20年前に公開された映画『ダーリン・デイリー』の続編製作が発表された際、多くの人々はその理由に疑問を呈した。しかし、マーティン・プリストリー役を演じるメリル・ストリープにとって、このプロジェクトへの参加には重要な条件があった。

ストリープの条件:「今を語る」映画に

ストリープはBBCニュースに対して、「続編を撮るには1つの方法があった。『今を語る』ものでなければ」と語った。映画は、編集部の人員削減や印刷部数の減少、デジタルメディアの台頭といった、ジャーナリズムの現実を反映している。

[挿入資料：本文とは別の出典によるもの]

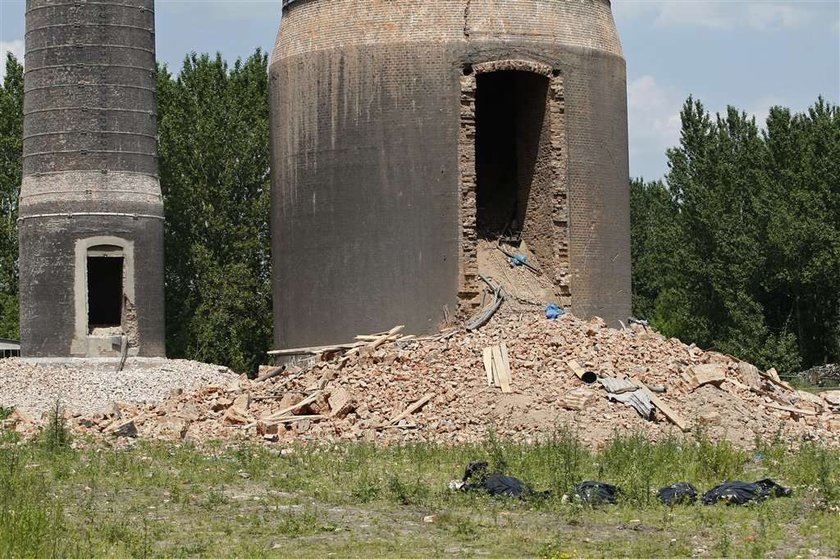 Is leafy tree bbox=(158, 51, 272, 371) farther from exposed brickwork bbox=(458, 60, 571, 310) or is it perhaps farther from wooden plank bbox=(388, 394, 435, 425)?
wooden plank bbox=(388, 394, 435, 425)

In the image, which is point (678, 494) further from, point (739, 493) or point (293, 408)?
point (293, 408)

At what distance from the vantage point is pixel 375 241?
2038cm

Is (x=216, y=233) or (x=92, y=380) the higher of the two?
(x=216, y=233)

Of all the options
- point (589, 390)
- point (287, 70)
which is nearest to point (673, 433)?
point (589, 390)

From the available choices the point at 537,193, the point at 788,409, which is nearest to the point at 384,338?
the point at 537,193

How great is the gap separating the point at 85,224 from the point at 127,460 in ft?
46.5

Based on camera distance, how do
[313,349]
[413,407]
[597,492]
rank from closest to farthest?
[597,492] → [413,407] → [313,349]

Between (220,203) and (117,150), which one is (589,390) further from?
(220,203)

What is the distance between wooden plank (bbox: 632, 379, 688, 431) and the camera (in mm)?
16719

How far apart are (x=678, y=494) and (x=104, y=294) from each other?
20.7 meters

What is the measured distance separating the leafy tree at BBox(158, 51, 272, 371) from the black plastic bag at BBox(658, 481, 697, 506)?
932 inches

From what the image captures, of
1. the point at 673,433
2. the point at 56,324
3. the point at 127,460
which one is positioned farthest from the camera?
the point at 56,324

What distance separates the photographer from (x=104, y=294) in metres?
30.8

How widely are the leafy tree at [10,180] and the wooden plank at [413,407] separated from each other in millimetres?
22821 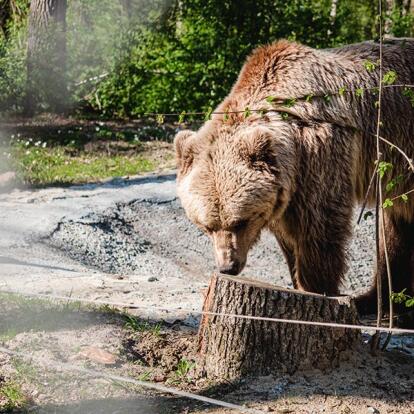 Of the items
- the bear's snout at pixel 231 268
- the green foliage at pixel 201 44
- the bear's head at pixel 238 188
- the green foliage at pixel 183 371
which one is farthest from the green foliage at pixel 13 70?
the green foliage at pixel 183 371

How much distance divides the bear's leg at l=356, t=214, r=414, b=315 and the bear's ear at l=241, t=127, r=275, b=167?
144 centimetres

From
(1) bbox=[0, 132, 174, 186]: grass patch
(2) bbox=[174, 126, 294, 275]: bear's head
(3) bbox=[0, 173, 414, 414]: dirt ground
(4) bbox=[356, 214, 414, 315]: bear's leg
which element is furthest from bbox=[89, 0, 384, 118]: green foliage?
(2) bbox=[174, 126, 294, 275]: bear's head

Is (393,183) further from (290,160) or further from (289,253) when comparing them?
(289,253)

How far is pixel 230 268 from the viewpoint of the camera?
4.39 metres

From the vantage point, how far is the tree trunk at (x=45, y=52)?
1220 cm

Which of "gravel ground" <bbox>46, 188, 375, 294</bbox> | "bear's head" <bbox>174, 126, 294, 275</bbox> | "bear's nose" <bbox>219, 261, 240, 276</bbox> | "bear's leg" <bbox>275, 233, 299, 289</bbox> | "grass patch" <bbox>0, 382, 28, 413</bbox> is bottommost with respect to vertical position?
"gravel ground" <bbox>46, 188, 375, 294</bbox>

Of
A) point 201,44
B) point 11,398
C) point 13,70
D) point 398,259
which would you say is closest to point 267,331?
point 11,398

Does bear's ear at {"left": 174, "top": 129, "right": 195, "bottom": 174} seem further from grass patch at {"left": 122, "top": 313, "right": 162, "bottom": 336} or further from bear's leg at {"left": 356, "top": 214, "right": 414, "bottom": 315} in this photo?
bear's leg at {"left": 356, "top": 214, "right": 414, "bottom": 315}

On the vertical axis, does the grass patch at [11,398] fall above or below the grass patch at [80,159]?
above

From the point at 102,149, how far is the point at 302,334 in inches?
309

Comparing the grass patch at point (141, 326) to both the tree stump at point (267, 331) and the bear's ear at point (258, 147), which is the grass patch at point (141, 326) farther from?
the bear's ear at point (258, 147)

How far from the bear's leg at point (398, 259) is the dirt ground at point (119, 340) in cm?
67

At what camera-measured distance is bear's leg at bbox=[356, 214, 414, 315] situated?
18.2 feet

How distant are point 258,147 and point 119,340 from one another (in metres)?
1.25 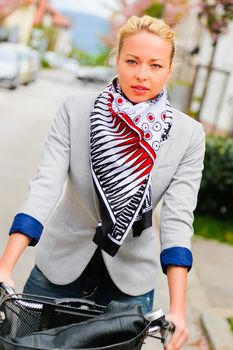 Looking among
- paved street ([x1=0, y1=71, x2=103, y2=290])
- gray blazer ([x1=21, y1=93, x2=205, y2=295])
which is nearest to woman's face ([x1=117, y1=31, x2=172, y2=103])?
gray blazer ([x1=21, y1=93, x2=205, y2=295])

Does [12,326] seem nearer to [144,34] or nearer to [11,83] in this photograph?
[144,34]

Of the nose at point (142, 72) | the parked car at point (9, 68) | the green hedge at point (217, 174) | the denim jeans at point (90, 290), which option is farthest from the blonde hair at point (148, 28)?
the parked car at point (9, 68)

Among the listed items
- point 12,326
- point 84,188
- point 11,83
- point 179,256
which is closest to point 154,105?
point 84,188

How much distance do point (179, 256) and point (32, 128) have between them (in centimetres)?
1421

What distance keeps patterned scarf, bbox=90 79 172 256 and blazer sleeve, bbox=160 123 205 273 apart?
96 mm

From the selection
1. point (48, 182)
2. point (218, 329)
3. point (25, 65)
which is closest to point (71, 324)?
point (48, 182)

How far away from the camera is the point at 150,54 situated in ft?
6.53

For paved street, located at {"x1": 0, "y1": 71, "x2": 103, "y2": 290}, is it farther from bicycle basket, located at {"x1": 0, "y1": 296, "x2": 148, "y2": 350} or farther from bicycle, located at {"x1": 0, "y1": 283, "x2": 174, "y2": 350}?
bicycle basket, located at {"x1": 0, "y1": 296, "x2": 148, "y2": 350}

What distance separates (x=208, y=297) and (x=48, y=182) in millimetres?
3759

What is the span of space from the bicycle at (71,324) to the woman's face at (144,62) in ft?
2.40

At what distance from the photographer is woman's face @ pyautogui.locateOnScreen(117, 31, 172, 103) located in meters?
1.99

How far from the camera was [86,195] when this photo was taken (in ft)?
7.14

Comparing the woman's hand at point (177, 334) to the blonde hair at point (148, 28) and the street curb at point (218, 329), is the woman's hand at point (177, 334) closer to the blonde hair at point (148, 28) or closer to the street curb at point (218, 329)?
the blonde hair at point (148, 28)

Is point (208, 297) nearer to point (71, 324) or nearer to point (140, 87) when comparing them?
point (140, 87)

ストリープは、たとえ「最も軽薄なエンターテイメント映画」だとしても、現代社会との関連性を重視したと強調した。共演者のスタンリー・トッチも、SNSやAIによるジャーナリストの権限喪失といった現代の問題を扱っていると述べた。

ジャーナリズムの未来と観客の参加

2006年の前作の成功を単に繰り返すのではなく、変化する時代を映し出す作品を目指している。アン・ハサウェイは、自身が再び演じるアンドレア・サックス役を通じて、観客の参加の重要性を描いていると強調した。「映画がうまくやっているのは、あなたが望む世界に参加する必要があることを示している点です」と語った。

ストリープは3度のアカデミー賞受賞者だが、観客がジャーナリズムへの関心を高めてほしいと願っている。「ジャーナリズムの未来は観客にかかっていることを、人々が認識してほしい」とハサウェイも述べた。「それが重要だと信じているなら、自分もそう信じています」。

ストリープは冗談めかして、「『スポットライト』のような真面目なドキュメンタリー風に聞こえるかもしれませんが、それでも楽しく、ファッション性のある映画です」と述べた。トッチも、混沌とした世界で「良い逃避主義」として楽しめる作品だと強調した。

逃避とノスタルジアを楽しむ続編

エミリー・ブリュントンは、映画が「ノスタルジアを楽しむ」体験になることを望んでいると語った。「友達と一緒に映画館で観て、笑い、応援し、ノスタルジアを満喫してほしい」と述べた。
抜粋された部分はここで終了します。